Please, without any pictures, set down exactly the part of the listing below that opens with the line containing "the letter m" and closes with the line containing "Puede incluir: Parche".

DATASET ENTRIES:
——

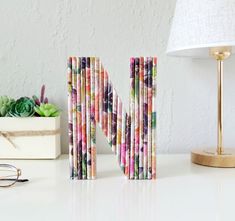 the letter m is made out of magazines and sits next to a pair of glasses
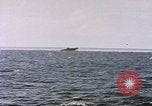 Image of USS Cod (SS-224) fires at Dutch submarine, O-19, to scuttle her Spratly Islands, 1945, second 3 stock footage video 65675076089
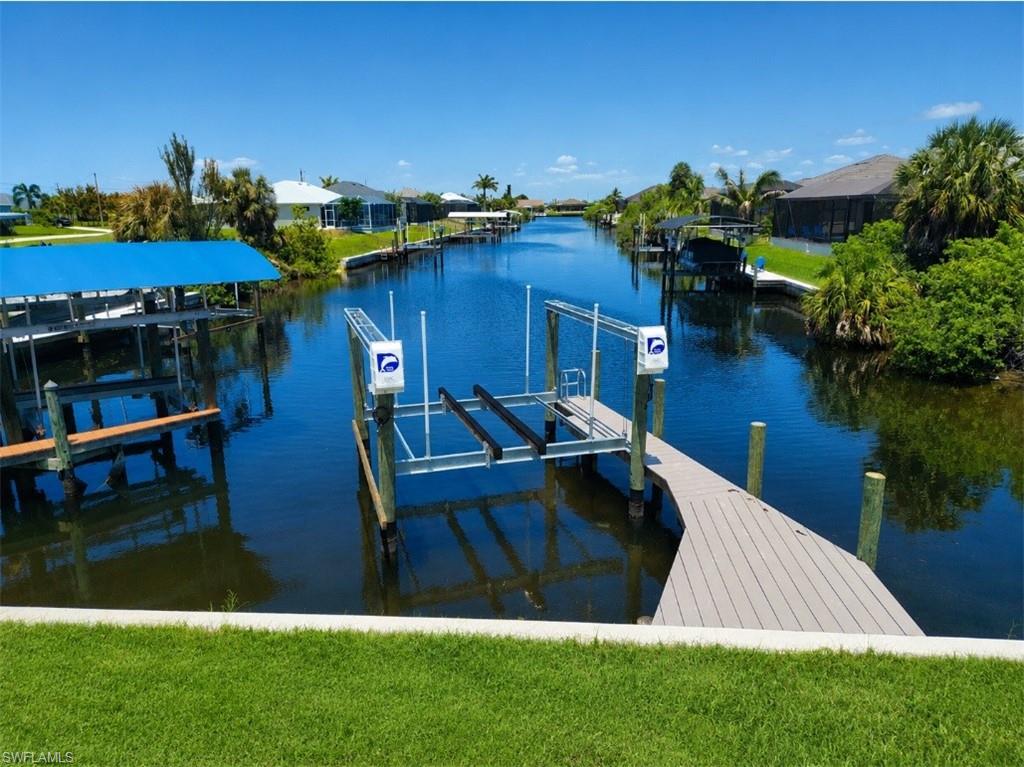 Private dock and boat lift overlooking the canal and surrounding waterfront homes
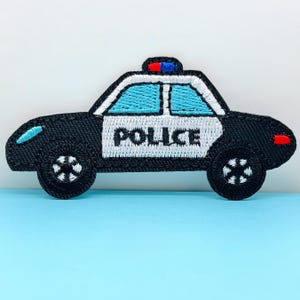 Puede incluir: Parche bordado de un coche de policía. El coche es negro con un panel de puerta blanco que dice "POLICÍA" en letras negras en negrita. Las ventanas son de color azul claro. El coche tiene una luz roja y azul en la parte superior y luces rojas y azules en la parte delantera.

——

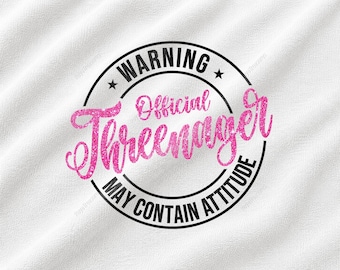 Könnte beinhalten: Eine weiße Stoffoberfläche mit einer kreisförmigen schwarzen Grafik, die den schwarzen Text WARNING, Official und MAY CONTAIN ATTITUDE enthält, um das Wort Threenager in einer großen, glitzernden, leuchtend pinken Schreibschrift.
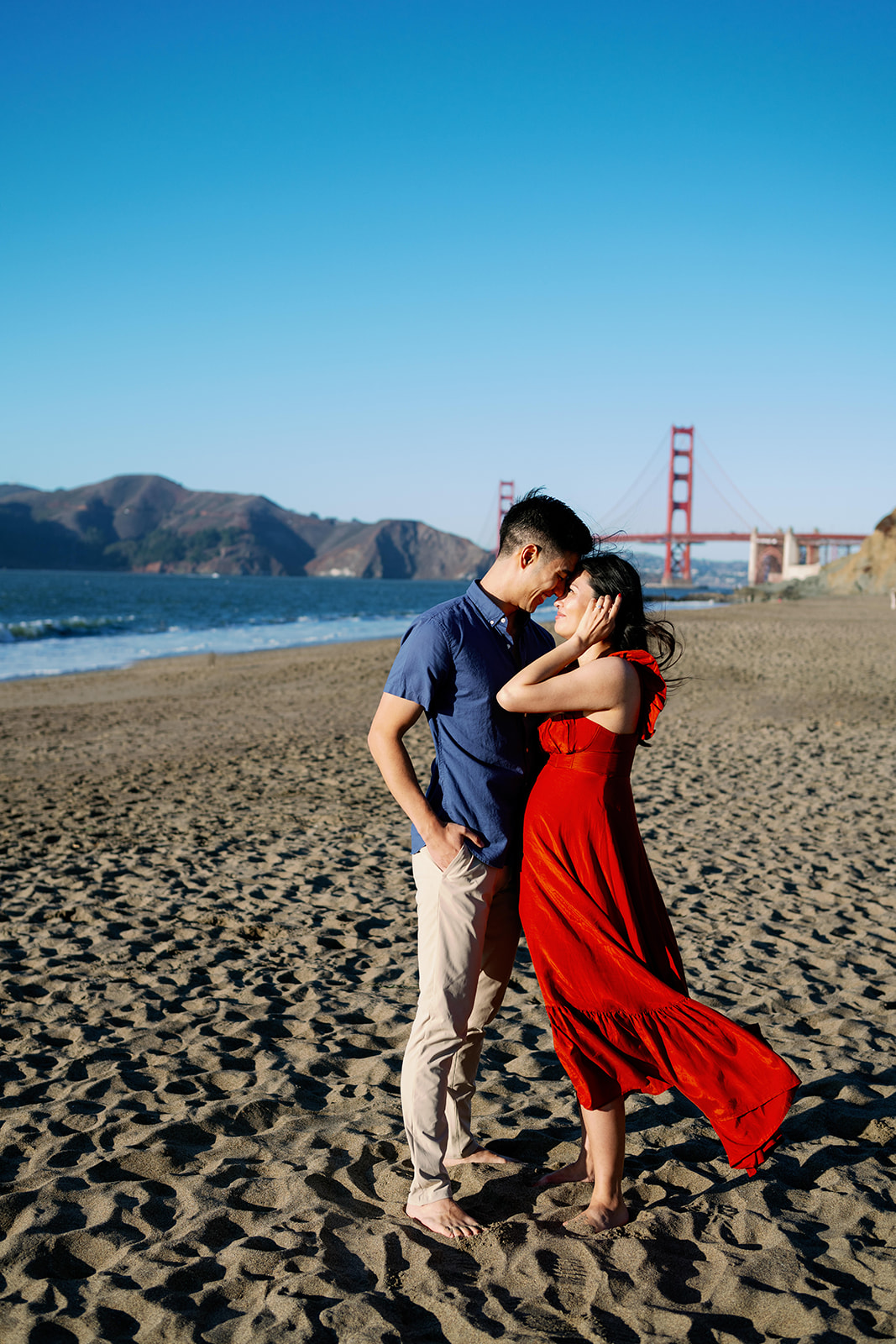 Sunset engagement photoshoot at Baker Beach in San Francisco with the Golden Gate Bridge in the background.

——

RESULT OF THE TASK:
 the letter m is made out of magazines and sits next to a pair of glasses
 Image of USS Cod (SS-224) fires at Dutch submarine, O-19, to scuttle her Spratly Islands, 1945, second 3 stock footage video 65675076089
 Private dock and boat lift overlooking the canal and surrounding waterfront homes
 Puede incluir: Parche bordado de un coche de policía. El coche es negro con un panel de puerta blanco que dice "POLICÍA" en letras negras en negrita. Las ventanas son de color azul claro. El coche tiene una luz roja y azul en la parte superior y luces rojas y azules en la parte delantera.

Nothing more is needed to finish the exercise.